In Noel Canning, the D.C. Circuit invalidated the appointments to the NLRB for two reasons. The first was on the grounds that “the Recess” is not like all other recesses of the Senate, but rather only the recess that occurs between sessions of Congress, known as the intersession recess. The Senate leaves for recess at other points in the year, often revolving around holidays and the summer. Each Congress usually meets for two sessions over the two-year term which — in the modern era — typically begin and end based on the calendar year.  In this case, however, the Senate was not in recess, deciding to instead conduct pro forma sessions that continued the first session of the 112th Congress until January 3, 2012. On that same day, it started the second session of that term. The appointments were not made until the next day, after the second session had commenced.

Second, the court continued its analysis into the language of Article 2 to determine what “happen” means. In the past, courts had interpreted “happen” to mean “exist” and therefore, it would allow a president to make an appointment to a vacant position that became open prior to the recess. But the DC Circuit ruled that “happen” is more accurately interpreted to mean “arise,” meaning that the vacancy must occur during the intersession recess. In this case, there was no intersession recess on January 3, only the beginning of the second session of the 112th Congress. Even if a recess in between the sessions occurred, the only valid appointee would be Sharon Block, as she replaced Craig Becker. Becker’s term expired at the end of the first session of the 112th Congress, as he was a “recess” appointment in March 2010 (more on that in a moment). Richard Griffin and Terrence Flynn replaced members whose terms had ended in 2011.

The recess appointment power of the President, until Friday, had suffered few, if any, setbacks. But President Obama’s action was a unique one, due mostly to a strange new way of starting and ending sessions of Congress, which began in 2007, when Democrats controlled the Congress and George W. Bush was president.
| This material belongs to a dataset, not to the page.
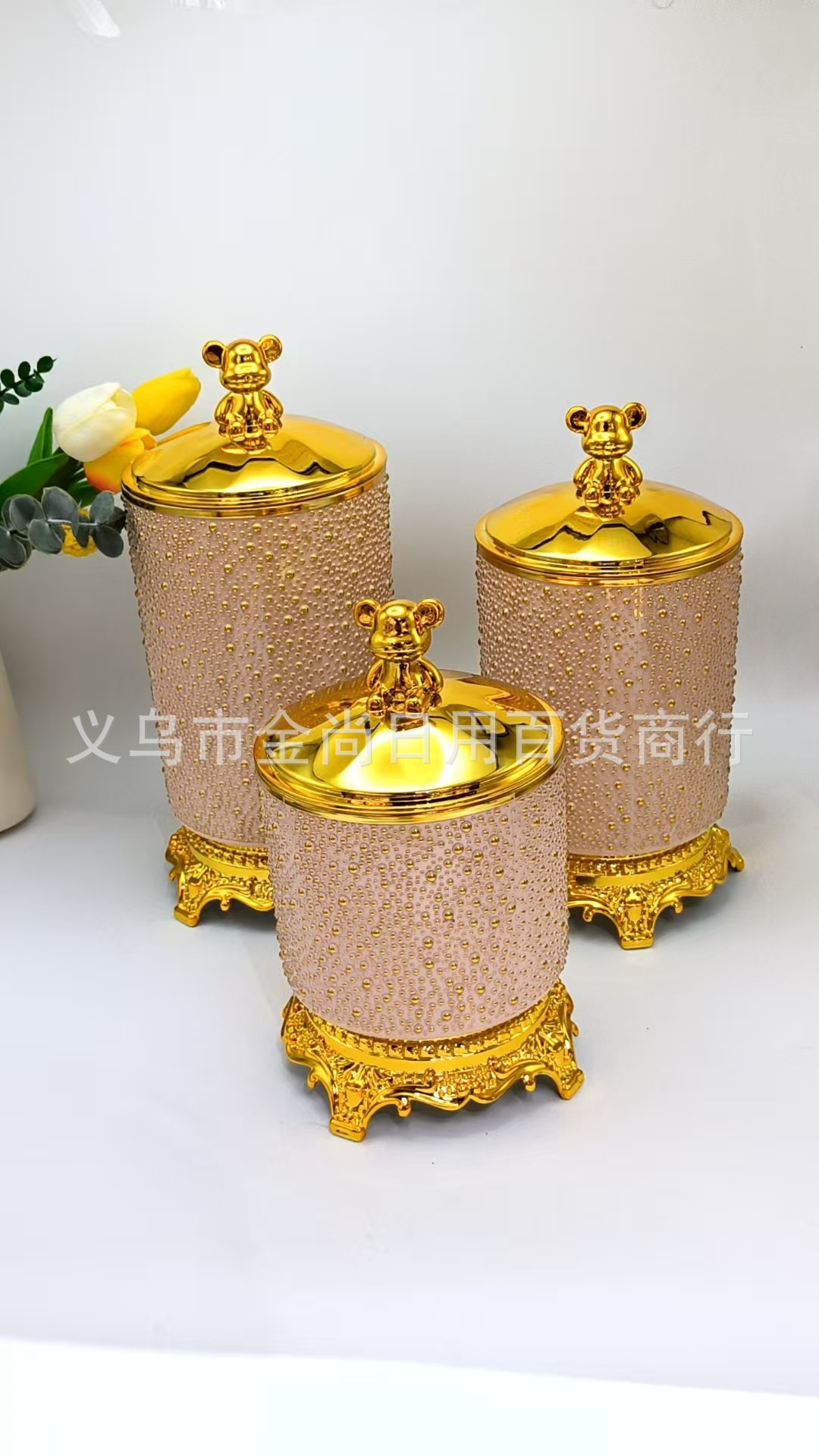 Plastic bear lid, round rice beads, gold edge, round stand, storage tank, kitchen rice storage tank with color box pic 2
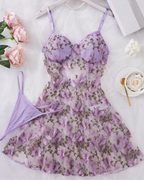 Conjunto de Camisón de Tul Bordado con Tanga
Senate Majority Leader Harry Reid (D-NV) ordered that the Senate never actually enter a recess by conducting pro forma sessions. Article I, Section 5, Clause 4 of the Constitution states:

Neither House, during the Session of Congress, shall, without the Consent of the other, adjourn for more than three days, nor to any other Place than that in which the two Houses shall be sitting. [emphasis added]

Reid, known for his schemes, came up with a plan to block Bush from making recess appointments. By holding a session every three days, even if for mere seconds, Democrats would be able to block any of Bush’s recess appointments. The new Senate calendar would involve the end of the old session and the start of the new on the same day, with no recess in between. We’ll call this the “Reid Calendar.” The Reid Calendar was employed in 2007 and 2008 for that purpose; Bush respected the Constitution and made no appointments.

Flash forward to 2012, with a Republican-controlled House of Representatives that, under Article I, Section 5, must approve the Senate’s calendar. Not surprisingly, Republicans used the Reid calendar. But unlike Bush, Obama opted to ignore the pro forma sessions and make the appointments to the NLRB anyway. Therein lies the fatal flaw that has now put the entire recess appointment practice under scrutiny.

How far back will this decision extend? Right now, that’s hard to say. But at least consider Craig Becker’s appointment, which occurred on March 27, 2010. First, this was an intrasession recess of the second session of Congress. Under Noel Canning, this would be invalid, because it is just “a recess” and not “the Recess” that occurs between sessions. Second, Becker’s seat had been open since 2008, meaning that it did not “happen” in the recess.

There could be a saving grace for Becker, however. The “de facto officer doctrine,” established in the 1995 Supreme Court case Ryder v. United States “confers validity upon acts performed by a person acting under the color of official title even though it is later discovered that the legality of that person’s appointment or election to office is deficient.” But there is also one exception, according to the Court: “We think that one who makes a timely challenge to the constitutional validity of the appointment of an officer who adjudicates his case is entitled to a decision on the merits of the question and whatever relief may be appropriate if a violation indeed occurred.”

All of this remains in the hypothetical realm until the Supreme Court takes on the case, which is very likely. Because other federal courts have ruled differently on the president’s recess appointment power, this creates a circuit split, meaning that there is different law in different parts of the country.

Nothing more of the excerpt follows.